I want to train a lgb model with custom metric : f1_score
with weighted
average.
I went through the advanced examples of lightgbm over here and found the implementation of custom binary error function. I implemented as similar function to return f1_score as shown below.
def f1_metric(preds, train_data):
labels = train_data.get_label()
return 'f1', f1_score(labels, preds, average='weighted'), True
I tried to train the model by passing feval
parameter as f1_metric
as shown below.
evals_results = {}
bst = lgb.train(params,
dtrain,
valid_sets= [dvalid],
valid_names=['valid'],
evals_result=evals_results,
num_boost_round=num_boost_round,
early_stopping_rounds=early_stopping_rounds,
verbose_eval=25,
feval=f1_metric)
Then I am getting ValueError: Found input variables with inconsistent numbers of samples:
The training set is being passed to the function rather than the validation set.
How can I configure such that the validation set is passed and f1_score is returned?

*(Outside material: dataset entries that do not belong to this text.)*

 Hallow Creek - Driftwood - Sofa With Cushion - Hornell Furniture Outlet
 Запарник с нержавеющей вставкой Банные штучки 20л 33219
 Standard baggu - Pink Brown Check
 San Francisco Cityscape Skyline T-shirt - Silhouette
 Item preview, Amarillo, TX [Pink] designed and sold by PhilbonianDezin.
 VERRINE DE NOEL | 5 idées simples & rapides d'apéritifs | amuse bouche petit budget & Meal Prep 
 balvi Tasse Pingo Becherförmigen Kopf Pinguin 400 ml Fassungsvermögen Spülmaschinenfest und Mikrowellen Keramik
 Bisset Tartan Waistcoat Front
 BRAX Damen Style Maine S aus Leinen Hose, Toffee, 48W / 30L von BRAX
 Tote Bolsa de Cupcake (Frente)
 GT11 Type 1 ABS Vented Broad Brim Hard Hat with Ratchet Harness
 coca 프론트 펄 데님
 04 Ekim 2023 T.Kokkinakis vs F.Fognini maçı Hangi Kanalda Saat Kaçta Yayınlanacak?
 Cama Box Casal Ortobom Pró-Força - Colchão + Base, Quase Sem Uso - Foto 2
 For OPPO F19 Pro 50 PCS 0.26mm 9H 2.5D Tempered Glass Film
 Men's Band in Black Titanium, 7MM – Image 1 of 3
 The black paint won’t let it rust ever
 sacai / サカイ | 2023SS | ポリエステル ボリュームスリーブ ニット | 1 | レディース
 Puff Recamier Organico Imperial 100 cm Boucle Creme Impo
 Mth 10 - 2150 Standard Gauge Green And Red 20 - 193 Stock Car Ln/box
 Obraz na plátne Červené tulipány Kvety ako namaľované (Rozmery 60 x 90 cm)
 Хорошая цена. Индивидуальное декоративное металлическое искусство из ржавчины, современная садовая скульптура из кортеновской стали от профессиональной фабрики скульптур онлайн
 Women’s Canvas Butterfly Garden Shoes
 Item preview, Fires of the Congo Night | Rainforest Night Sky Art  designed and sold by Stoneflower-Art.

The docs are a bit confusing. When describing the signature of the function that you pass to feval, they call its parameters preds and train_data, which is a bit misleading.
But the following seems to work:
from sklearn.metrics import f1_score
def lgb_f1_score(y_hat, data):
y_true = data.get_label()
y_hat = np.round(y_hat) # scikits f1 doesn't like probabilities
return 'f1', f1_score(y_true, y_hat), True
evals_result = {}
clf = lgb.train(param, train_data, valid_sets=[val_data, train_data], valid_names=['val', 'train'], feval=lgb_f1_score, evals_result=evals_result)
lgb.plot_metric(evals_result, metric='f1')
To use more than one custom metric, define one overall custom metrics function just like above, in which you calculate all metrics and return a list of tuples.
Edit: Fixed code, of course with F1 bigger is better should be set to True.